Recently, I was reading the post: Double or Nothing from GOTW by Herb Sutter I am a little confused with the explanation of the following program:

 int main()
 {
     double x = 1e8;
     while( x > 0 )
     {
        --x;
     }
 }

Assume that this code runs 1 second in some machine. I agree with the point that code like this is silly.

However, per the explanation about the issue if we change x from float to double, then on some compilers, it will keep the computer running to forever. The explanation is based on the following quote from the standard.

Quoting from section 3.9.1/8 of the C++ standard:

There are three floating point types: float, double, and long double. The type double provides at least as much precision as float, and the type long double provides at least as much precision as double.
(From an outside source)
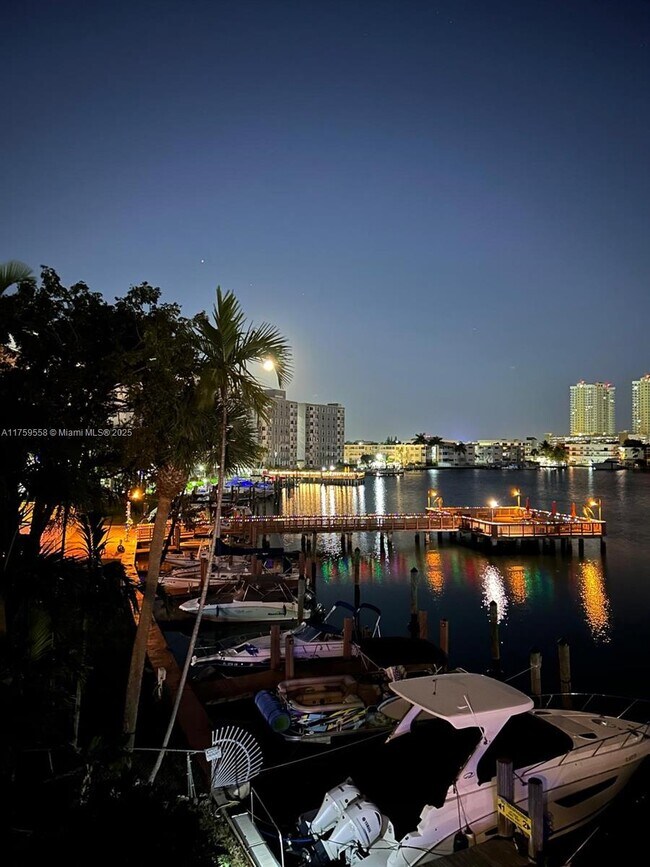 Building Photo - 300 Golden Isles Dr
The set of values of the type float is a subset of the set of values of the type double; the set of values of the type double is a subset of the set of values of the type long double.

The question for the code is:

How long would you expect it to take if you change "double" to "float"? Why?

Here is the explanation given:

It will probably take either about 1 second (on a particular implementation floats may be somewhat faster, as fast, or somewhat slower than doubles), or forever, depending whether or not float can exactly represent all integer values from 0 to 1e8 inclusive.

The above quote from the standard means that there may be values that can be represented by a double but that cannot be represented by a float. In particular, on some popular platforms and compilers, double can exactly represent all integer values in [0,1e8] but float cannot.

What if float can't exactly represent all integer values from 0 to 1e8? Then the modified program will start counting down, but will eventually reach a value N which can't be represented and for which N-1 == N (due to insufficient floating-point precision)... and

My question is:

If float is not even able to represent 1e8, then we should have overflow already when we initialize float x = 1e8; then how come we will make the computer running forever?

I tried a simple example here (though not double but int)

#include <iostream>

int main()
{
   int a = 4444444444444444444;
   std::cout << "a " << a << std::endl;
   return 0;
}
It outputs: a -1357789412

This means that if the compiler is not able to represent the given number with int type, it will result in overflow.

So did I misread? What point that I missed? Is changing x from double to float undefined behavior?

Thank you!

Answer 1

The key word is "exactly".

float can represent 1e8, even exactly, unless you have a freak float type. But that doesn't mean it can represent all smaller values exactly, for example, usually 2^25+1 = 33554433, which needs 26 bits of precision, cannot be exactly represented in float (usually, that has 23+1 bits of precision), nor can 2^25-1 = 33554431, which needs 25 bits of precision.

Both of these numbers are then represented as 2^25 = 33554432, and then

33554432.0f - 1 == 33554432.0f

will loop. (You will hit a loop earlier, but that one has a nice decimal representation ;)

In integer arithmetic, you have x - 1 != x for all x, but not in floating point arithmetic.

Note that the loop might also finish even if float has only the usual 23+1 bits of precision, since the standard allows floating point computations to be carried out at a greater precision than the type has, and if the computation is performed at sufficiently greater precision (e.g. the usual double with 52+1 bits), every subtraction will change x.